Ele se referia ao discurso que Milei proferiu em agosto, ao criticar a entrada da Argentina no Brics (Brasil, Rússia, Índia, China e África do Sul), alguns dias depois de ser o candidato mais votado nas eleições primárias no país —que não elegem ninguém, mas medem a temperatura do pleito.
“Eu não disse que vamos deixar de comercializar com China ou Brasil, o que estou dizendo é que isso é uma questão do setor privado na qual eu não tenho que me meter”, afirmou o libertário, que também declarou que “não se alinharia com comunistas”, mas apenas com Estados Unidos e Israel.
Pandiani ressaltou que os brasileiros e chineses concentram 30% das exportações argentinas. “Os outros candidatos dizem ‘Brics não’ só porque o governo diz ‘Brics sim’. E por que dizemos ‘Brics sim’? Porque nessa mesa estão […] os três países mais importantes para a nossa produção e exportação”.
E soltou uma frase de efeito: “Em mais 30 anos de diplomacia aprendi algo: se você não está na mesa, provavelmente está no menu”. Com mestrado em Harvard, o diplomata trabalha no Ministério das Relações Exteriores do país há 33 anos, tendo ocupado o cargo de subsecretário para América Latina e Caribe. Já atuou nos EUA (Atlanta), Jamaica, Barbados e outros países caribenhos.
Ele também disse que a relação entre Argentina e Brasil é “indestrutível” e não foi rompida “nem com [o ex-presidente Jair] Bolsonaro”; opôs-se às falas de Milei de que sairia do Mercosul caso fosse eleito —apesar de membros da equipe do libertário já terem suavizado as declarações. Defendeu o bloco como um espaço estratégico, mas admitiu que é preciso modernizá-lo.
Sergio Massa coloca um peso grande em sua política externa como forma de conseguir os dólares que a Argentina tanto precisa para pagar sua dívida com o FMI (Fundo Monetário Internacional) e aumentar suas reservas de divisas. A alta demanda e baixa oferta da moeda americana é um dos impulsionadores da inflação, que já ultrapassa os 120% anuais e é uma das mais altas do mundo.

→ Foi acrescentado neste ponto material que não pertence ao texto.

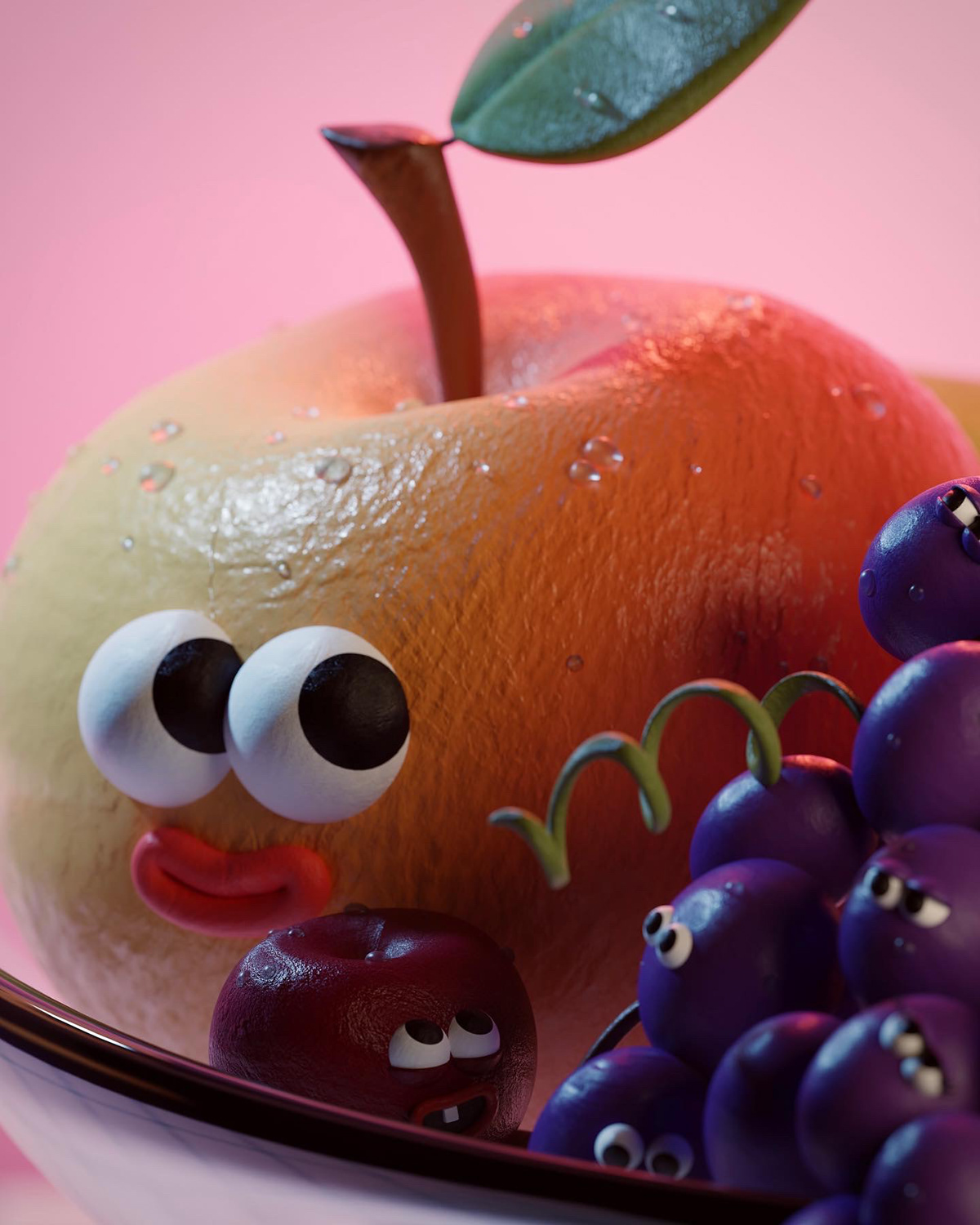 3D-арт "Stillife" — Изображение №5 — Иллюстрация, 3D на Dprofile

Para isso, Pandiani explica que vai priorizar três pilares: primeiro, mais exportações de produtos com valor agregado (e não manufaturas, incluído o setor do lítio, do qual a Argentina tem uma das maiores reservas globais). Depois, mais investimentos estrangeiros e, em terceiro lugar, mais turismo. Não detalhou, porém, como vai fazer para atrair os investidores a um país devedor e economicamente instável.
A principal aposta de Massa são investimentos nos setores energético, mineiro e agropecuário para inverter a balança comercial. Do outro lado, Milei pretende fazer uma abertura unilateral ao comércio internacional, eliminando os impostos sobre exportações e importações num projeto que duraria 35 anos.